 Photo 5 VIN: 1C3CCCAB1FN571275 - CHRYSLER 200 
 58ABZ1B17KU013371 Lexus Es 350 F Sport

* * *

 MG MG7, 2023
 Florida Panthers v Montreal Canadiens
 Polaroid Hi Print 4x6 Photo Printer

* Problem details
Reproduce exactly, and only, the part of the listing above that begins at the line with "Florida Panthers v Montreal Canadiens" and goes on through the line with "Polaroid Hi Print 4x6 Photo Printer".

* Written response
 Florida Panthers v Montreal Canadiens
 Polaroid Hi Print 4x6 Photo Printer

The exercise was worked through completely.